Assignment: If a record holds a picture, please leave the picture out and copy the rest of the record exactly.

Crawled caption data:
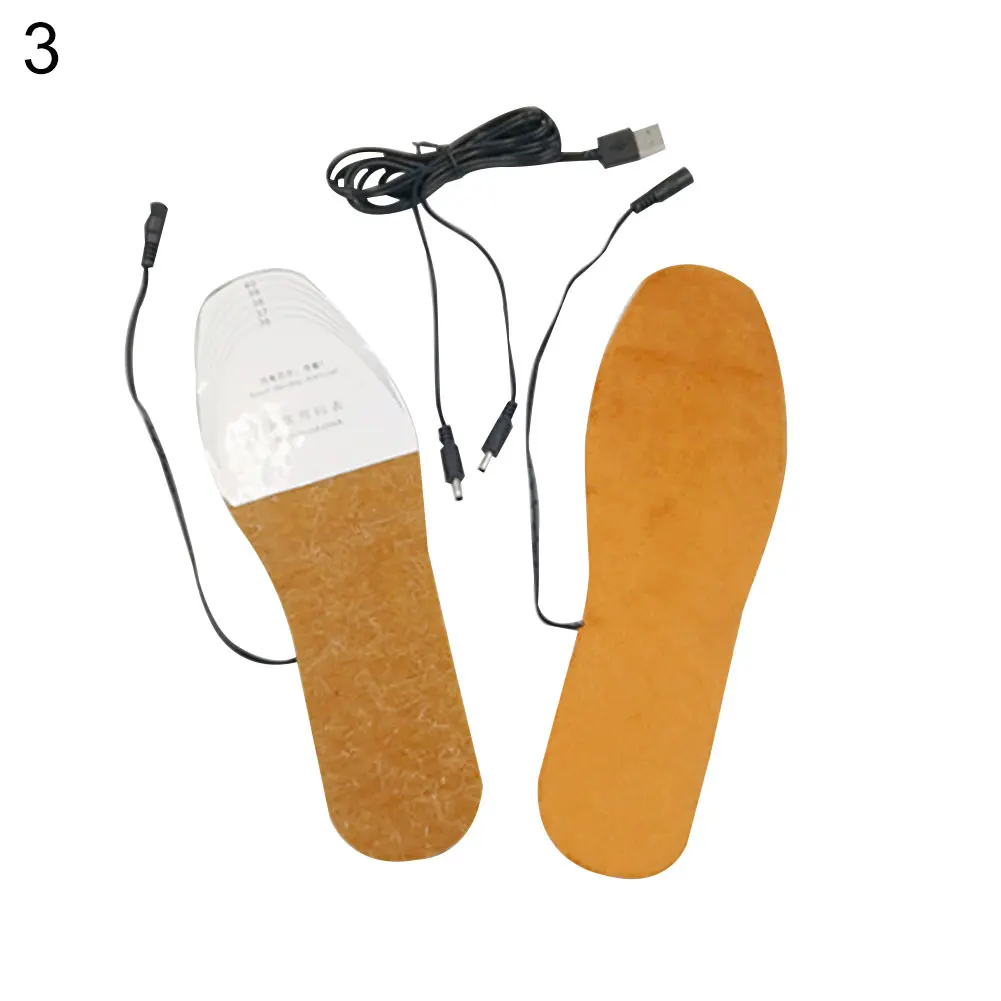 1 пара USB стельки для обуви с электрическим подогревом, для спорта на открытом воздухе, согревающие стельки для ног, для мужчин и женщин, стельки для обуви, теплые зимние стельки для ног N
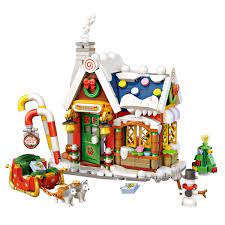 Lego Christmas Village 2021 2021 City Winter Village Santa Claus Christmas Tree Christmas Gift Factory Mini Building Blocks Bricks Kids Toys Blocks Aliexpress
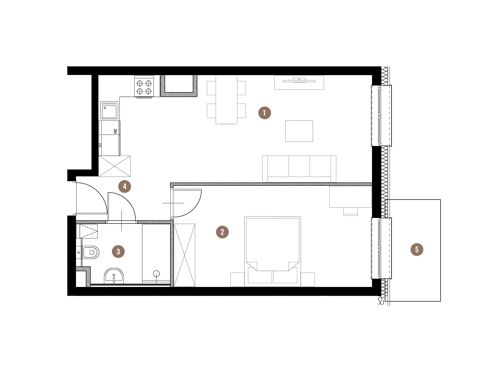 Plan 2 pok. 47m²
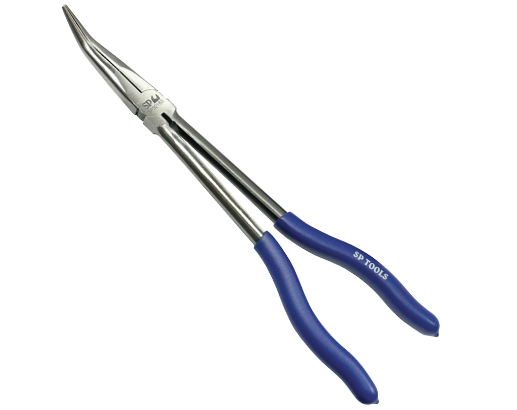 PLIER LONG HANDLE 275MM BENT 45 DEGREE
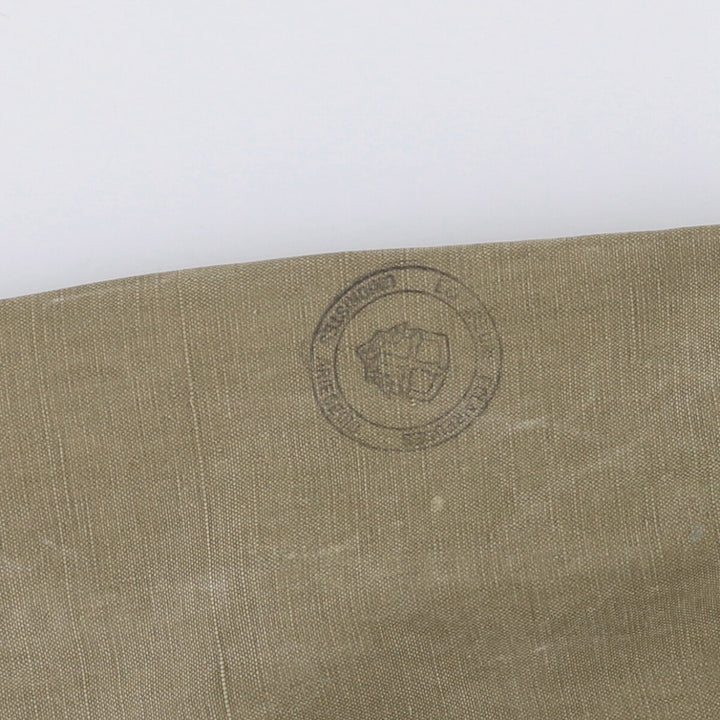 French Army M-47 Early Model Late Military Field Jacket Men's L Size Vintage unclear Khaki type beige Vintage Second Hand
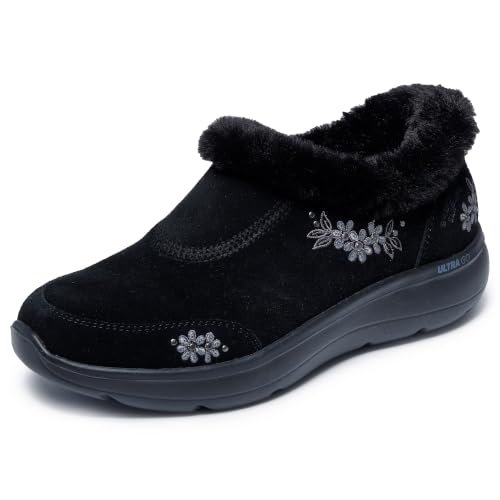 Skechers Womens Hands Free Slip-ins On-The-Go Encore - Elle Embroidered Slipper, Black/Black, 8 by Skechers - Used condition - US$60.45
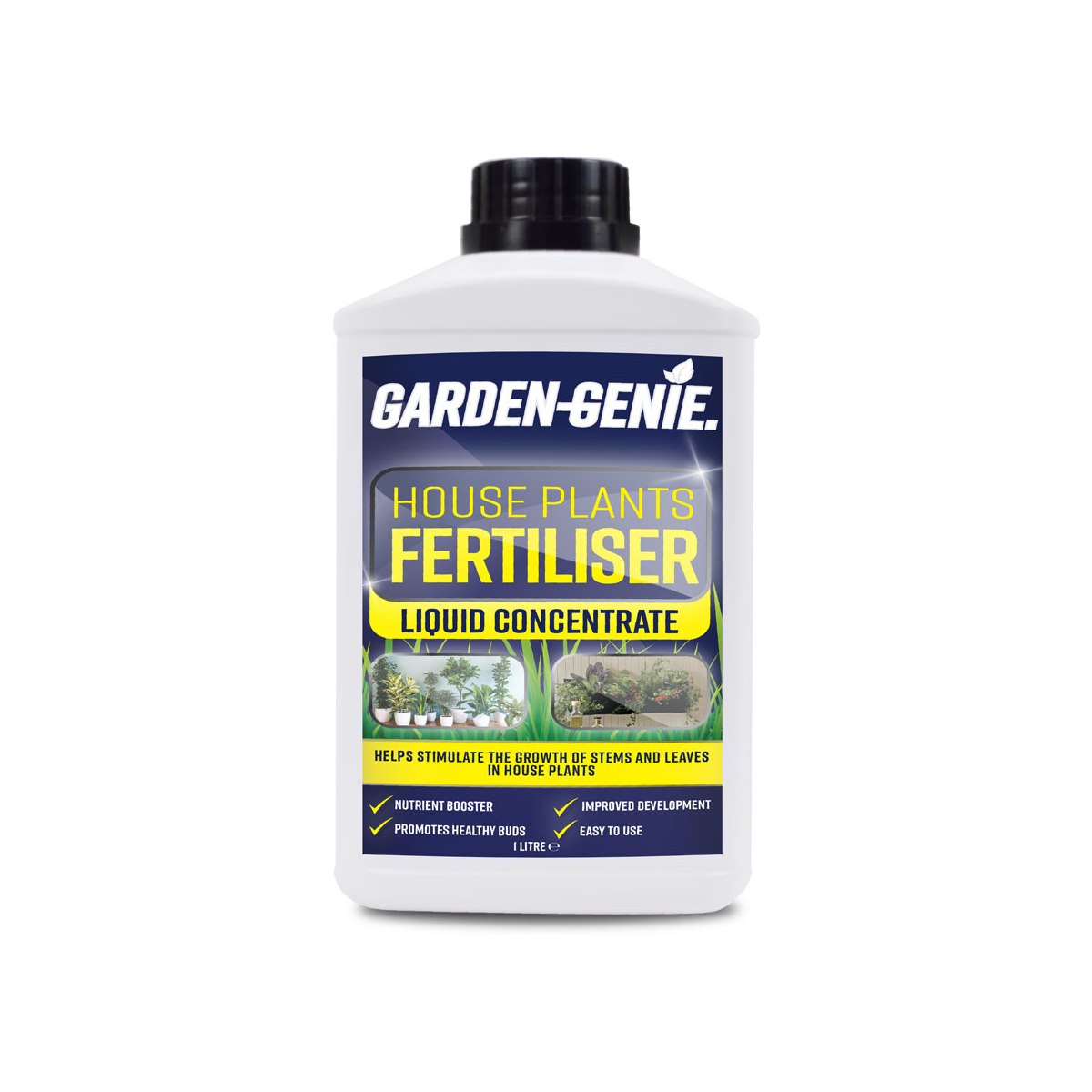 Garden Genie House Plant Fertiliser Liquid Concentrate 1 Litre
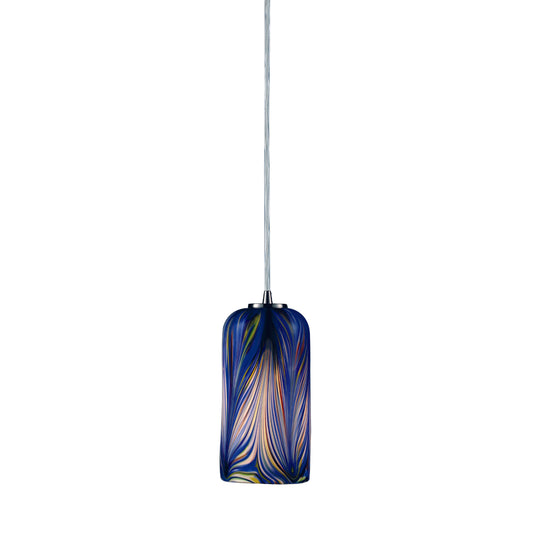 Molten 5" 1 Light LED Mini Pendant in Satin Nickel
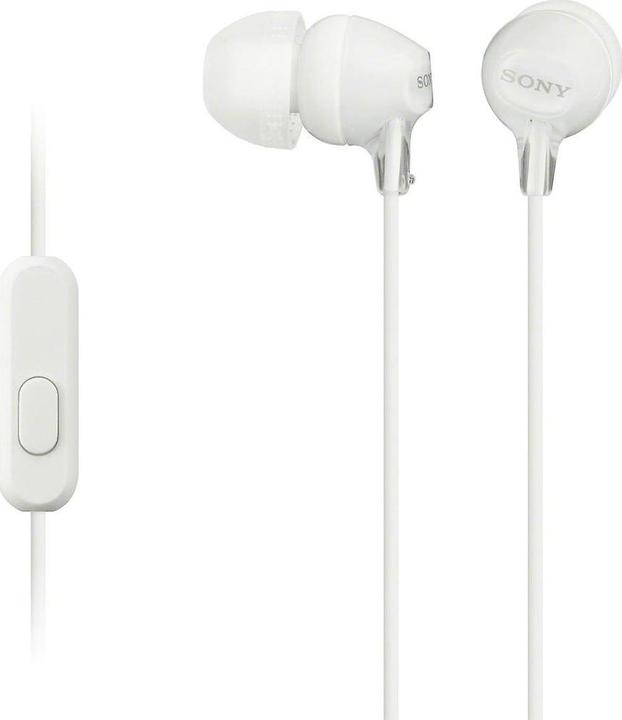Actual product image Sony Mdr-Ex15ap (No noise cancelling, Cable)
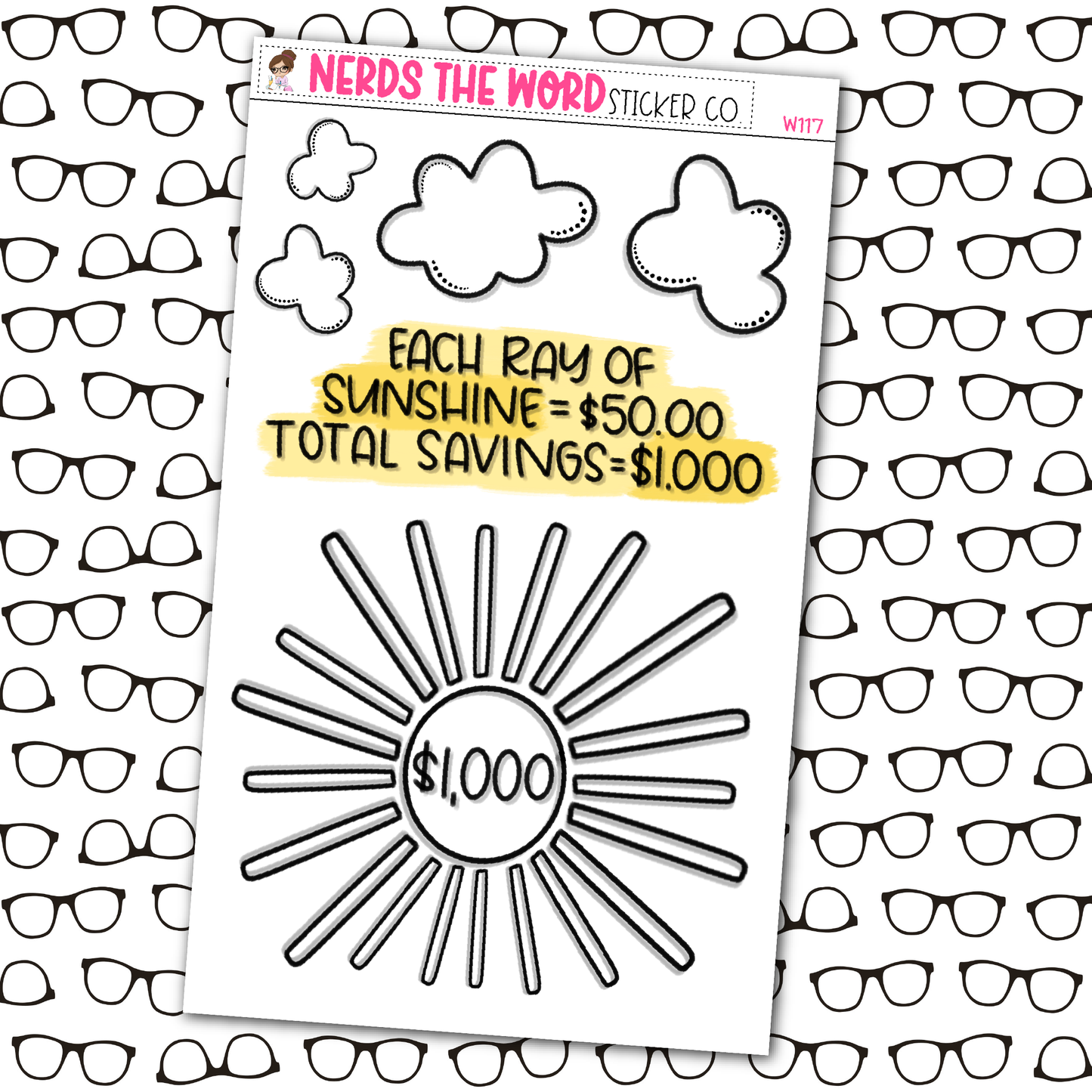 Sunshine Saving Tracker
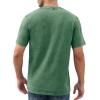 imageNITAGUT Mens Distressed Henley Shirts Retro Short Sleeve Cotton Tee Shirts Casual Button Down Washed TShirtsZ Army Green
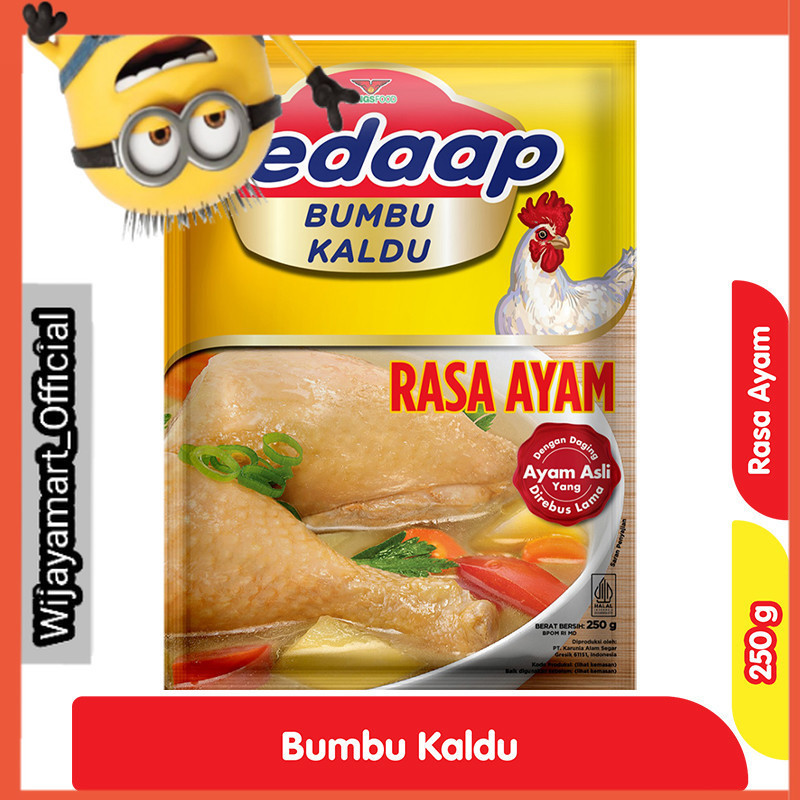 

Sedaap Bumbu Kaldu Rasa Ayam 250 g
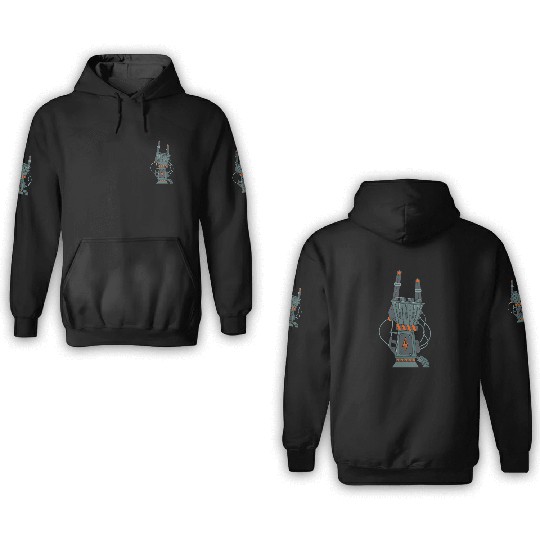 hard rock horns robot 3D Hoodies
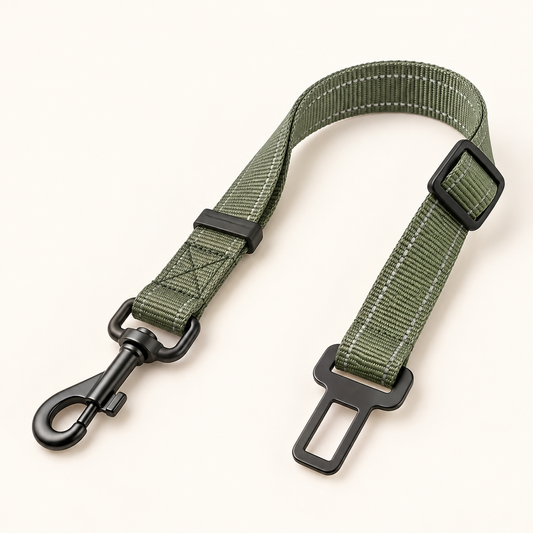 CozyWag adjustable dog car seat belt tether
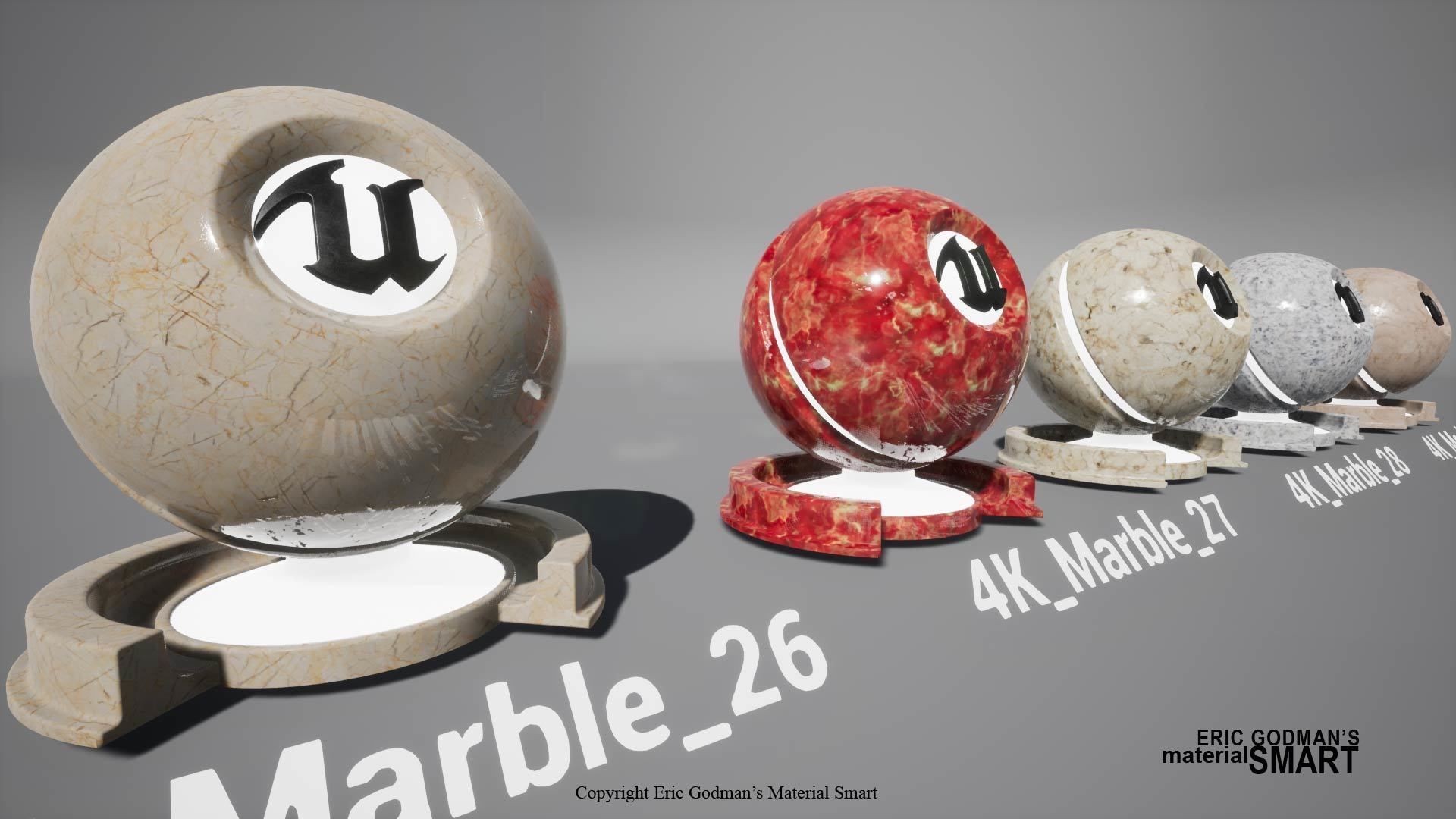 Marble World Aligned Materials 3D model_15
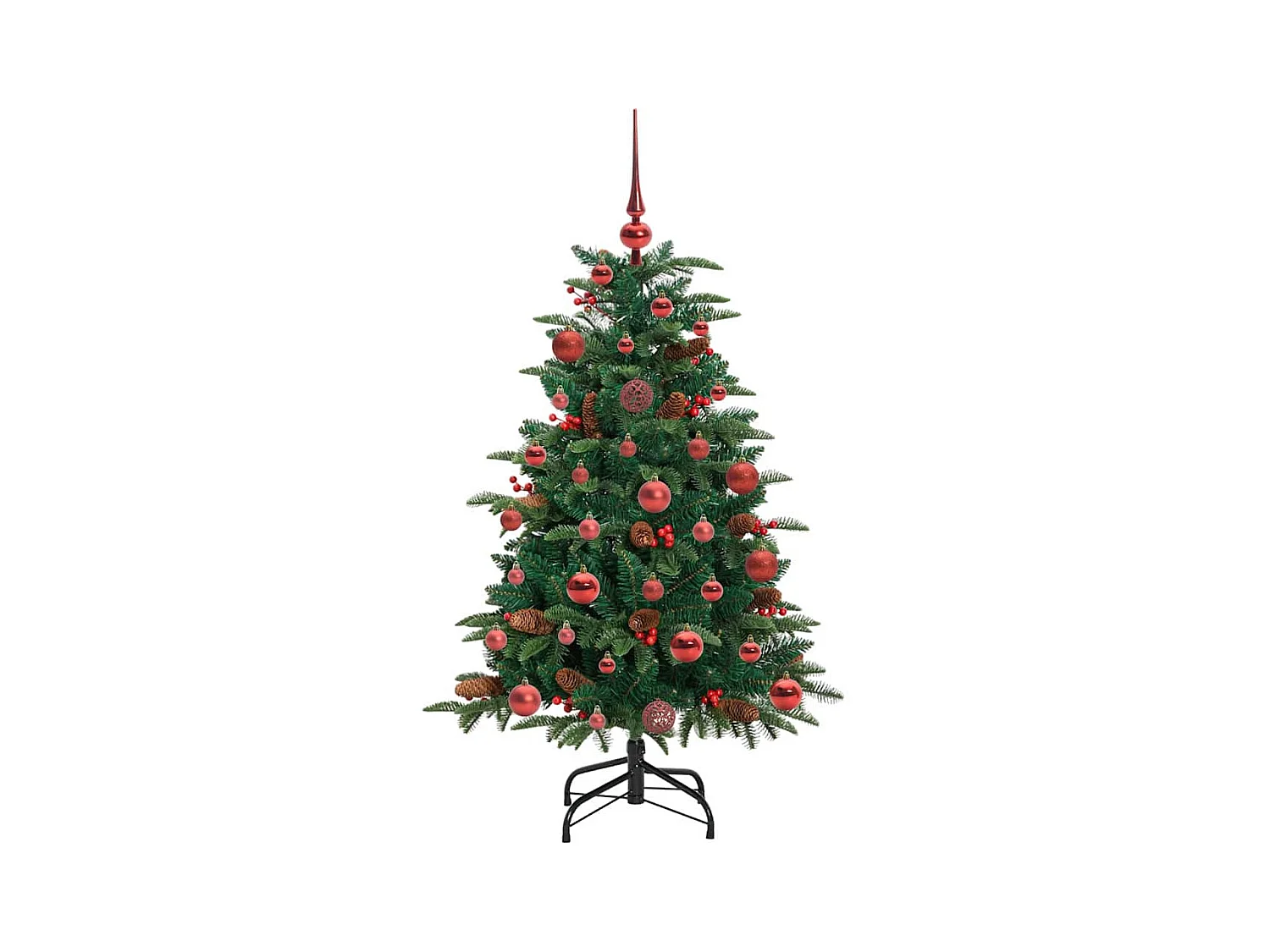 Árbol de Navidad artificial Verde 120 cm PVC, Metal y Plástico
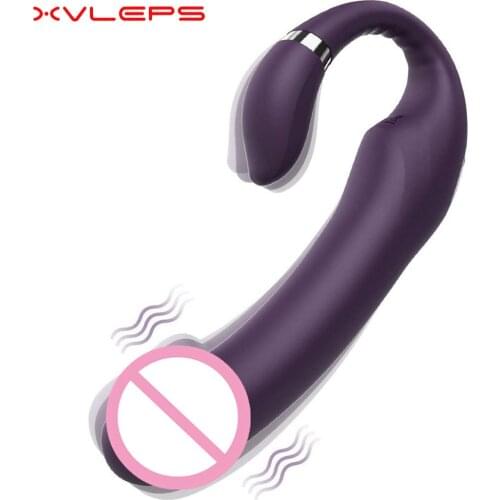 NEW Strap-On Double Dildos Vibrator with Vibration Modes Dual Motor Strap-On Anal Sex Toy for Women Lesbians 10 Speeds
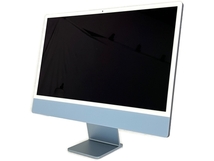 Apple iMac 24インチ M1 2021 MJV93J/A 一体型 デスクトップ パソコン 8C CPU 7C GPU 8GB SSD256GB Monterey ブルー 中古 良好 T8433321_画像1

Problem solution:
 1 пара USB стельки для обуви с электрическим подогревом, для спорта на открытом воздухе, согревающие стельки для ног, для мужчин и женщин, стельки для обуви, теплые зимние стельки для ног N
 Lego Christmas Village 2021 2021 City Winter Village Santa Claus Christmas Tree Christmas Gift Factory Mini Building Blocks Bricks Kids Toys Blocks Aliexpress
 Plan 2 pok. 47m²
 PLIER LONG HANDLE 275MM BENT 45 DEGREE
 French Army M-47 Early Model Late Military Field Jacket Men's L Size Vintage unclear Khaki type beige Vintage Second Hand
 Skechers Womens Hands Free Slip-ins On-The-Go Encore - Elle Embroidered Slipper, Black/Black, 8 by Skechers - Used condition - US$60.45
 Garden Genie House Plant Fertiliser Liquid Concentrate 1 Litre
 Molten 5" 1 Light LED Mini Pendant in Satin Nickel
Actual product image Sony Mdr-Ex15ap (No noise cancelling, Cable)
 Sunshine Saving Tracker
 imageNITAGUT Mens Distressed Henley Shirts Retro Short Sleeve Cotton Tee Shirts Casual Button Down Washed TShirtsZ Army Green

Sedaap Bumbu Kaldu Rasa Ayam 250 g
 hard rock horns robot 3D Hoodies
 CozyWag adjustable dog car seat belt tether
 Marble World Aligned Materials 3D model_15
 Árbol de Navidad artificial Verde 120 cm PVC, Metal y Plástico
 NEW Strap-On Double Dildos Vibrator with Vibration Modes Dual Motor Strap-On Anal Sex Toy for Women Lesbians 10 Speeds
 Apple iMac 24インチ M1 2021 MJV93J/A 一体型 デスクトップ パソコン 8C CPU 7C GPU 8GB SSD256GB Monterey ブルー 中古 良好 T8433321_画像1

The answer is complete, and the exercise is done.